Richard E. Lewis

Hide and Sect
Tony Ortega's description of Sherry Roberson's vocal abilities and her career background were very well-written and informative ("Blues Bodhisattva," June 13); but I was just a little surprised (though not shocked) by the inaccuracies concerning Nichiren Shoshu Buddhism and its past relationship with Soka Gakkai International.

SGI was the lay organization for Nichiren Shoshu Buddhism in the United States during the time that Roberson was introduced to the religion. However, in 1976, Roberson did not join SGI; what she did was to become a believer in Nichiren Shoshu Buddhism and a member of the nearest Nichiren Shoshu Temple. There was no Soka Gakkai Buddhist sect at that time.

Soka Gakkai has only been in existence since its establishment in 1930 and then later, in 1951, sought and was granted permission by Nichiren Shoshu to establish SGI as a religious corporation for the purpose of propagating Nichiren Shoshu Buddhism outside Japan.

SGI has always been hung up on its numbers. During my tenure as an SGI district chief, I had some knowledge of how these numbers were accumulated (I would not be surprised at even finding my own name still listed on the membership roster, even though I severed my ties with the organization five years ago).

Of course I realize that SGI will, as always, attempt to put its best spin on what I've stated above, but the facts are the facts: SGI was excommunicated in 1991 and has no connection to Nichiren Shoshu Buddhism.

Steve Pontious
Fountain Hills

Gotcha Covered
New Times' coverage of Governor Fife Symington's indictment and the lack of adequate coverage by the Arizona Republic underscore the acute need for a publication like New Times ("Governor J. Fife Crook III," Michael Lacey; "Castle Creep," John Mecklin; and "The Governor and the Lawyer," John Dougherty, June 20). Thanks.

Aubrey Kesterson
via Internet

Thanks, New Times, for telling it like it is! I work in the Arizona Department of Administration, and I have seen so many things done in arrogance without regard for state rules and regulations in this administration. My biggest gripe is that exempt employees, many of whom are friends of Fife Symington or are former Symington employees, were allowed (encouraged) to work on Fife's last campaign, on state time.

They do not have to take annual leave for anything less than eight hours, and many don't even submit an absence slip, as the rules require. Even though the governor's people surely understand state rules and regulations, they regularly flout them. The sooner this whole bunch is out, the better!

Secretary of State Jane Dee Hull will really enjoy the palace Symington created on the eighth and ninth floors. She will probably be a very good governor and certainly has the experience to know how government works.

Name withheld
via Internet

People ask me, "Why does a Texas lawyer read New Times' online cousin avidly?" Answer: Its coverage of the Fife Symington saga is creative, courageous and delightfully humorous. New Times maintains a balance.
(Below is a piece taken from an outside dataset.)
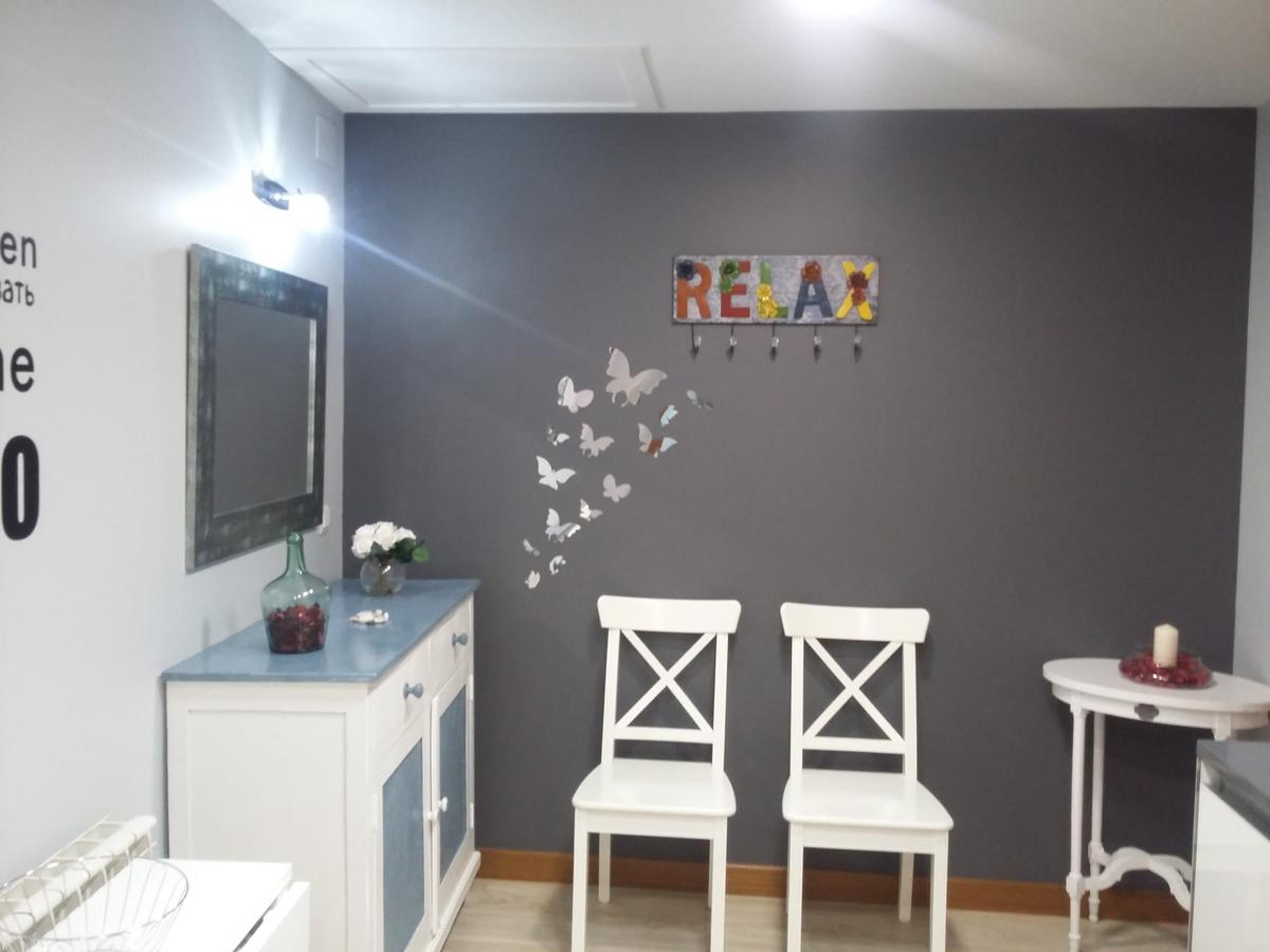Two-Bedroom House - Upper Floor photo 3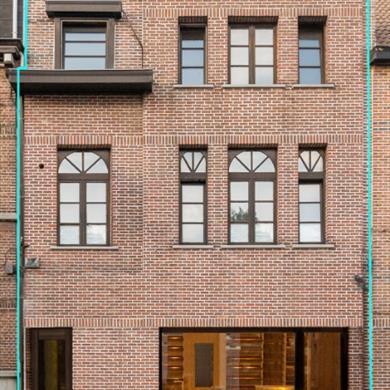 Woning Te koop Terhagen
New Times appears to be a combination of Atlantic Monthly, Washington Monthly, Spy and Mad. Thanks for being on the Web.

Terry O'Rourke
via Internet

Editor's note: And thank you for not mentioning Cracked magazine.

I'm out here in rural Arizona, where the only newspaper I can get is the Arizona Republic. Though New Times writers have, for the past eight months, been writing about Fife Symington and his imminent indictment, I never read one word about the same in the Republic. It blew my mind! The Republic missed the biggest story in the West. What a pathetic piece of trash! Henceforth, the only time I will ever touch the Republic is when I'm out in the middle of nowhere, and I need to take a crap.